__Assigned task__: Please give back word for word the lines of the material below between the line containing "واکنش تند وحید" and the line containing "Quatro casas para", inclusive.

__Records for the task__:
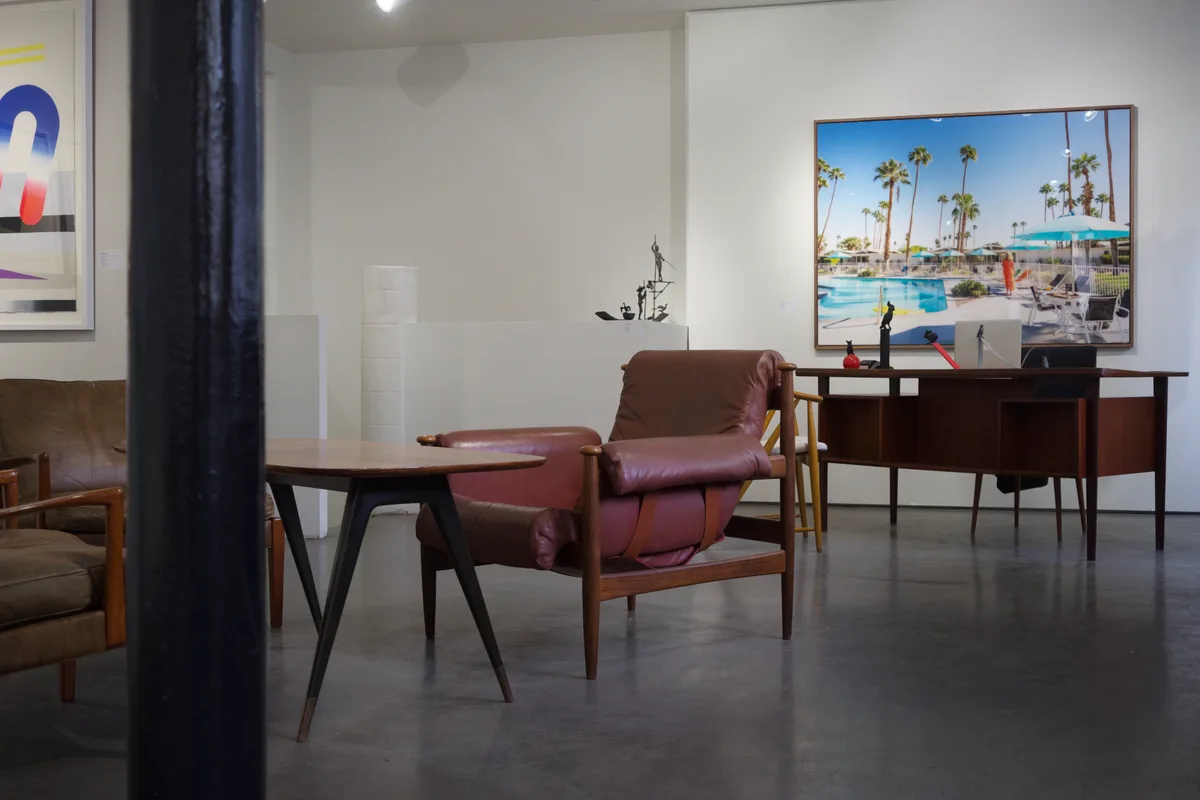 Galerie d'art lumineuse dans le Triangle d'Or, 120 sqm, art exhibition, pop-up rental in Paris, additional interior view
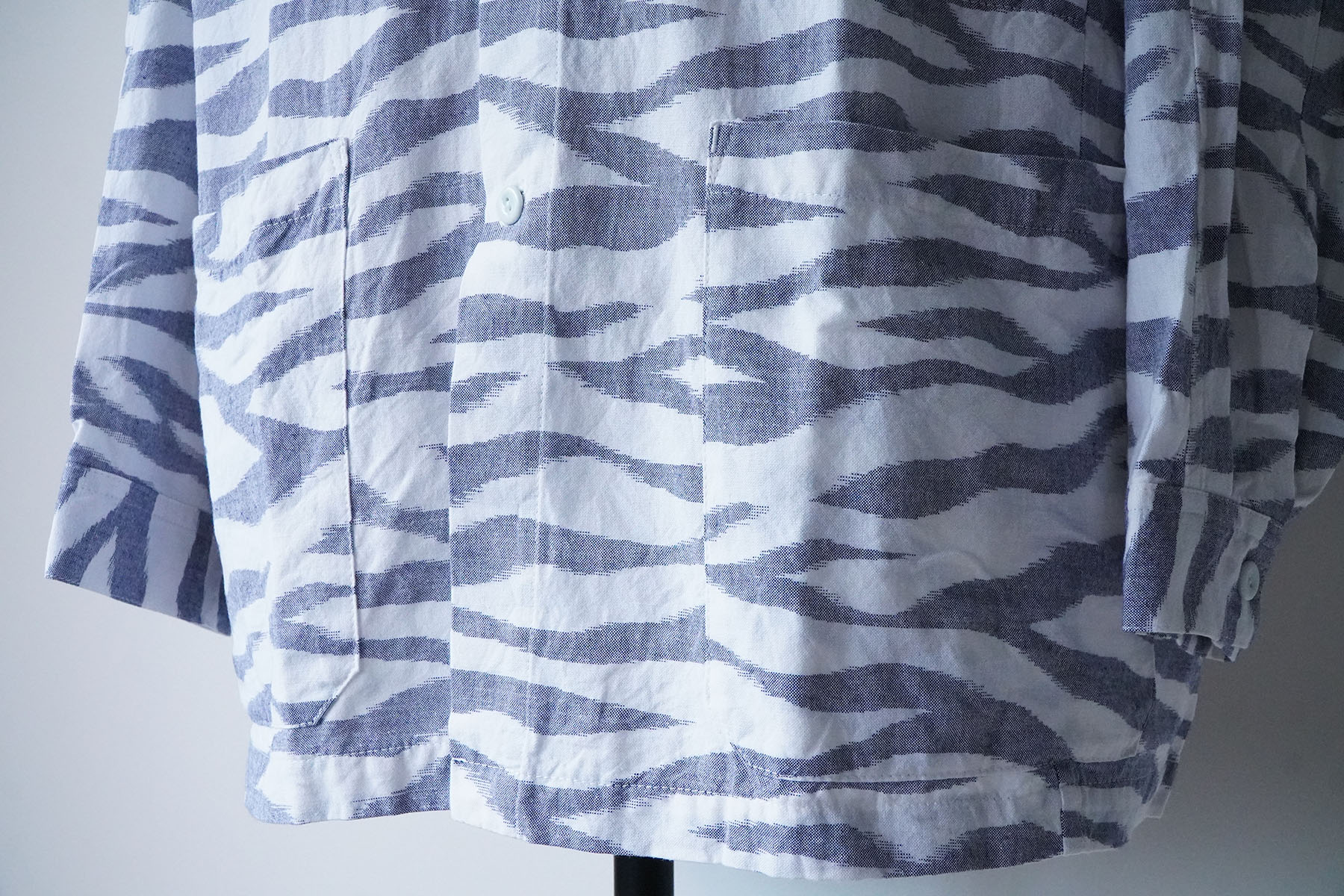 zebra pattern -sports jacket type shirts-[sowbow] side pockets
...
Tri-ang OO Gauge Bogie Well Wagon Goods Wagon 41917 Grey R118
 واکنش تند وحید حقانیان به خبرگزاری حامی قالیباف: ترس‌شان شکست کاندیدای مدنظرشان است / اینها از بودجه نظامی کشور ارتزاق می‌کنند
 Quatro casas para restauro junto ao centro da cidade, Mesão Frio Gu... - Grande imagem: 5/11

__Response to the task__:
 واکنش تند وحید حقانیان به خبرگزاری حامی قالیباف: ترس‌شان شکست کاندیدای مدنظرشان است / اینها از بودجه نظامی کشور ارتزاق می‌کنند
 Quatro casas para restauro junto ao centro da cidade, Mesão Frio Gu... - Grande imagem: 5/11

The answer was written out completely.